I’m a jaundiced consumer of marketing messages. Sales don’t impress me, corporate incentive programs rarely catch my eye, and I save money when shopping by not buying anything–I can swing through Macy’s or a mall and enjoy the shopping experience without actually buying stuff to clutter my life. But a marketing pitch that combines simplicity and cleverness can grab my attention. And even inspire a blog post.
So here I am, gazing with fevered curiosity at a program that I picked up at the Westport branch of the New York Spots Club yesterday. Do I have what it takes to “TRAIN LIKE A TRIBUTE-CAN YOU SURVIVE THE GAMES?” Today’s the deadline! Order now at the low, low price of $105 for four one-hour sessions! Should I?
NYSC, employing nothing more advanced than a black-and-white printer, caught my eye with a deal for a fitness program geared to The Hunger Games. As fate would have it, I read the book about six weeks ago and greatly enjoyed it.
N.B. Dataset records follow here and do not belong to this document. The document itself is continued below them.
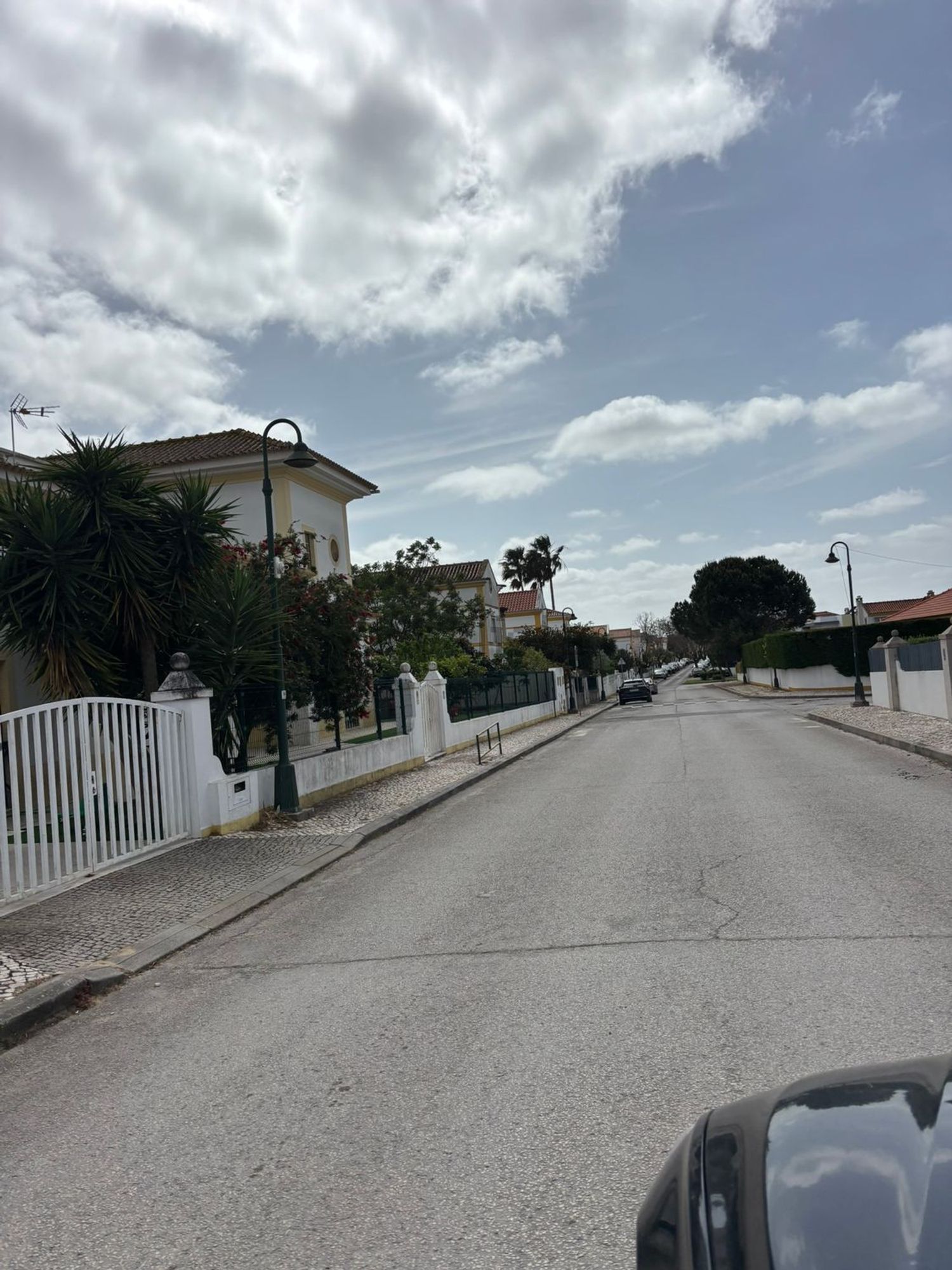 出租公寓 t2在Vale de Choupos - Choilo - Galeotas - 视线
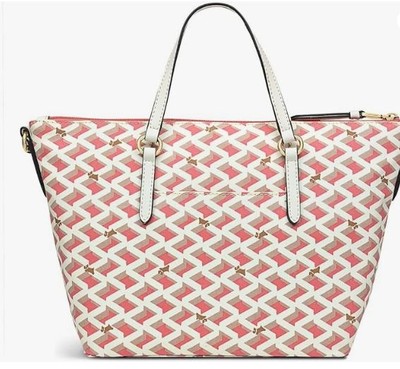 Radley London Optic Responsible Small Zip Top Bag - Multi color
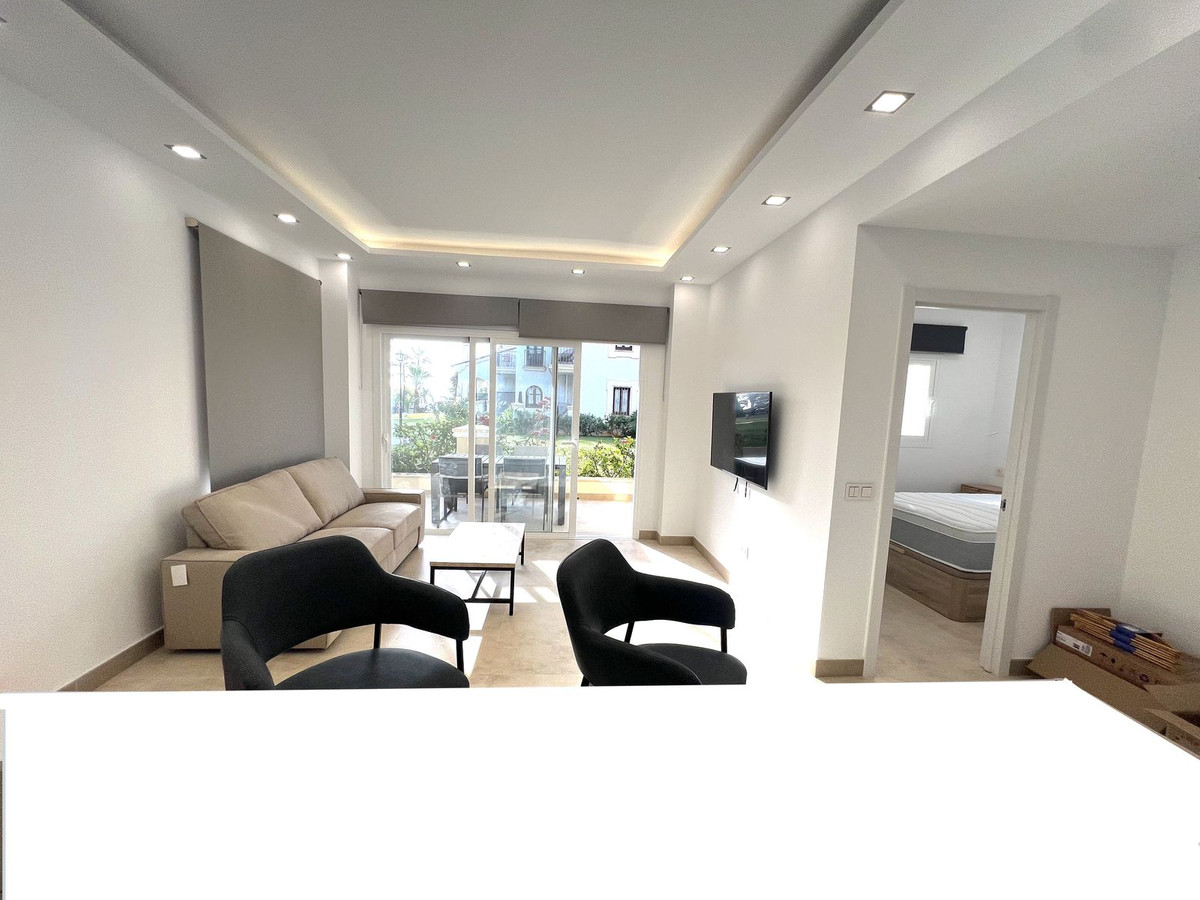 2 Bed Apartment for sale in Puerto Banús Costa Del Sol, Málaga, Spain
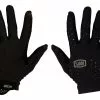 100% Sling Ganzfinger-Handschuhe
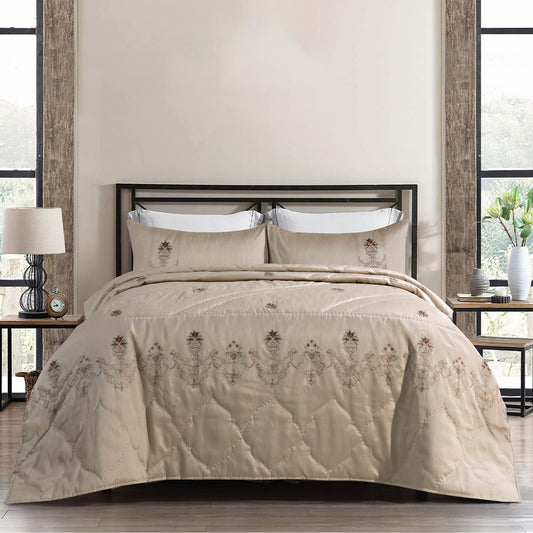 BED SPREAD SET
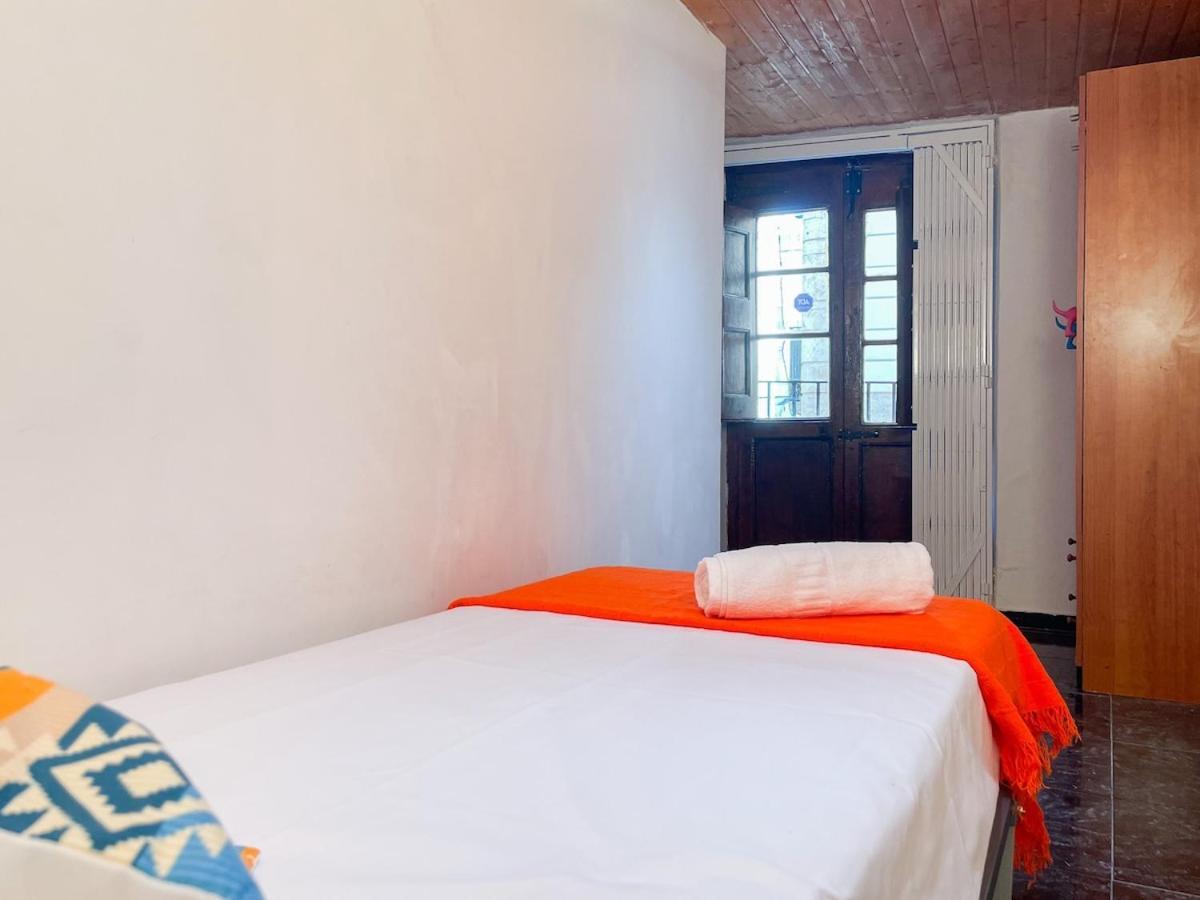 Unik Vacation Sedassos Διαμέρισμα Ταραγόνα Εξωτερικό φωτογραφία
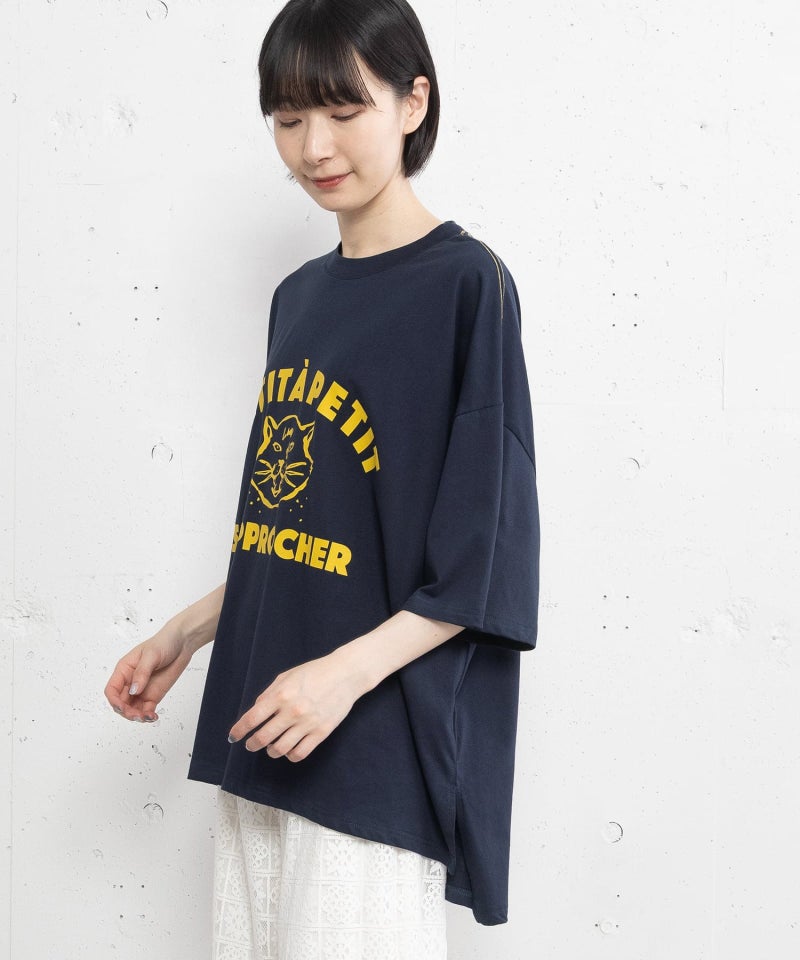 モデル身長：165cm
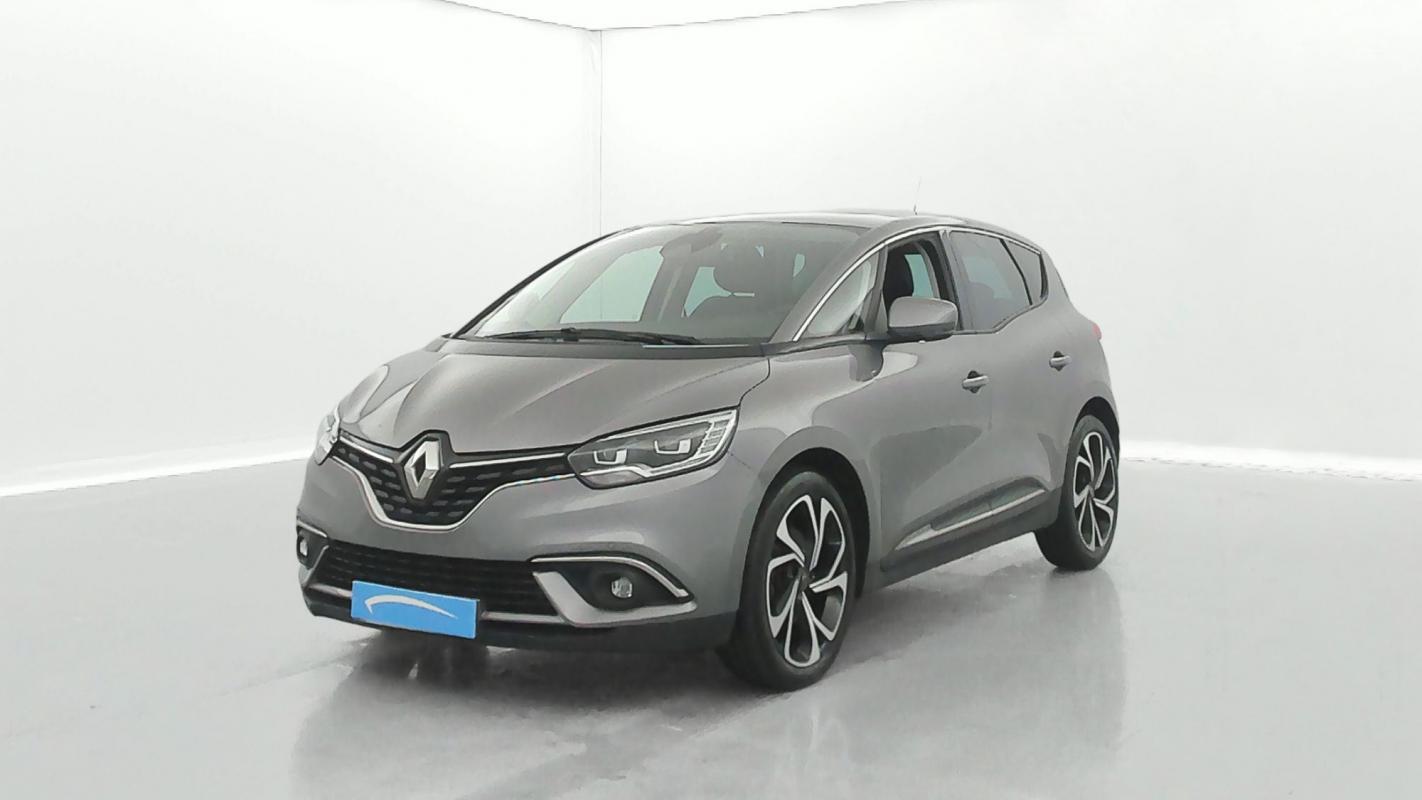 Image de l'annonce principale - Renault Scenic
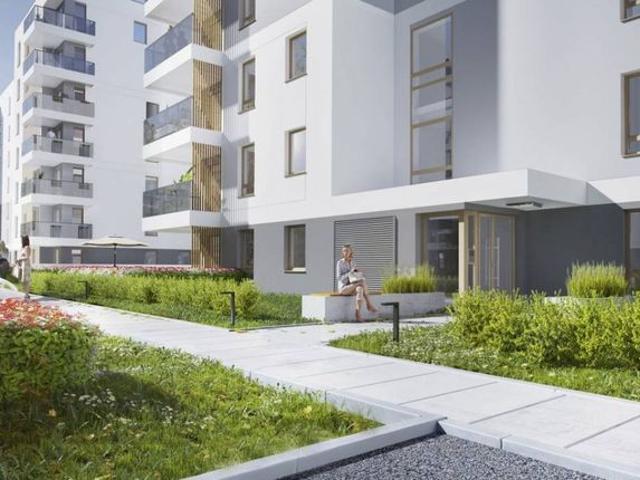 Enklawa Apartamenty Z4 i Z5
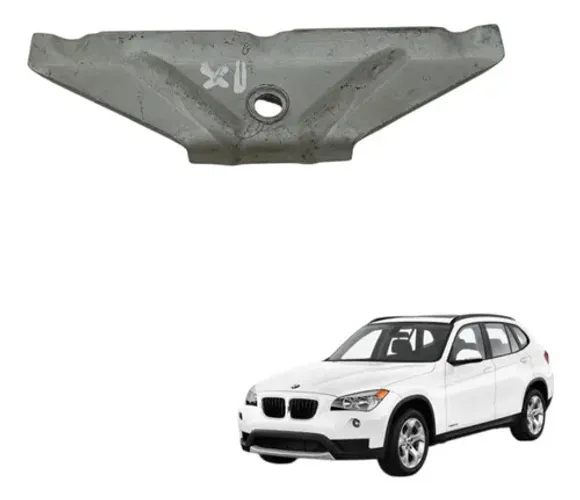 Suporte Bateria Bmw X1 S Drive N20 2.0 Turbo 2014 2015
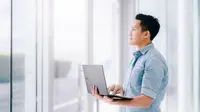 ASUS ExpertBook P3 P3405, Laptop Bisnis Tangguh yang Siap Mengikuti Ritme Kerja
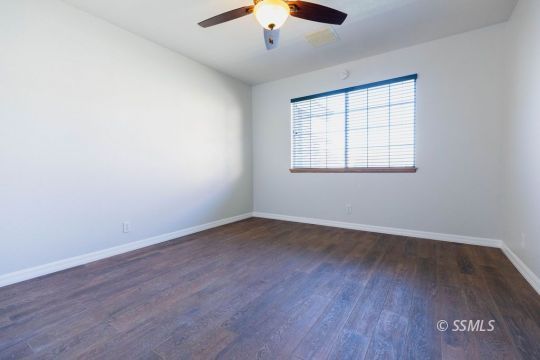 901 North Sol Court Ridgecrest, CA 93555 - Photo 23 of 35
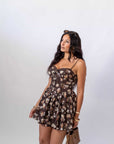 Pre Ordine Dress Camelia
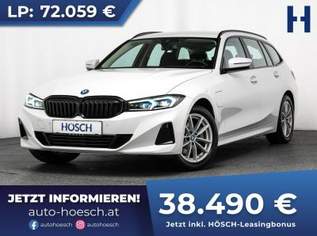 330 e Touring HEAD-UP AHK WIE NEU -43%, 39990 €, Auto & Fahrrad-Autos in 4061 Pasching 330 e Touring HEAD-UP AHK WIE NEU -43%, 39990 €, Auto & Fahrrad-Autos in 4061 Pasching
Now, here’s the NYSC rolling out a program, “limited to 12 members one for each district,” mimicking the skills used to deadly effect in the book by survivor Katniss Everdeen.
To train like a tribute, the NYSC mixes traditional fitness-class moves with some Hunger Games specialties: You get archery (ka-zinggg!), tree climbing simulation, speed work, strength training, and high-intensity cardio with weight-lifting exercises. Given my age, I’d probably keel over before I reached tribute-level fitness level, but, still, I’m curious. If the sale continues past today, heck, I may do it. I could use some diversity in my workout routine, which mostly centers on hand weights with a focus of not overdoing anything that would result in a yanked muscle or tendon.
Thirty years ago, I would have laughed if anybody had suggested I sign up for a fitness class, let alone join a fancy-pants place like the NY Sports Club (fancy only in my imagination, given that my previous gym experience was limited to the weight room at the PE center of Mission High School). I disdained gyms in favor of relentless walking around New York and Brooklyn. If I wanted to push myself, I’d jog along Atlantic Avenue in Brooklyn, starting around the fabled Brooklyn House of Detention and plodding along to the intersection with fabled Flatbush Avenue. I’d stagger back home and collapse, waiting for any twinge in my knee to blossom in to a full-blown health crisis. It never did, but I never became a regular jogger.
My attitude changed once I moved to suburban Connecticut and eventually became a commuter in 1996, on the train daily from Westport to Grand Central Terminal, and then on to blue-chip accounting firm Price Waterhouse on Avenue of the Americas. Soon after I started this job,after a year of unemployment, I heard about the employee discount program for memberships at the NYSC. Somehow, the idea that I needed to take better care of myself as a new father penetrated my sometimes-thick skull, and I became a member.
Except for a four-year period between 2002 and 2006–when I dropped my membership due to post-divorce financial reasons, then joined the Jewish Community Center with its own fitness center in Stamford–I’ve been a member ever since.
I’m the most surprised person in the world at this evolution from sluggard to gym rat. In the early years I mixed treadmill workouts (timed to coincide with watching the soap opera Days of Our Lives on the big monitors at the club) with total-body conditioning classes. I mostly stick with weights now, with the occasional session on the elliptical walker (where I usually watch country-western or 80s/90s videos on the machine’s monitor). Frankly, I’m in a rut. A few years ago I tried cardio kickboxing, and before that yoga, but breaking out of the typical routine takes effort. Separate from the club, I also took a 10-week krav maga class in Stamford in 2007, which was the most exhausting physical workout I’ve ever had
Thus, the tribute program jolted me with the promise of something new, something fresh and engaging. Archery and tree-climbing: well, those are ways to break out of the routine. I just hope I don’t break a bone — after various aches and pains from overdoing workouts over the years, I’m very attuned to my limits.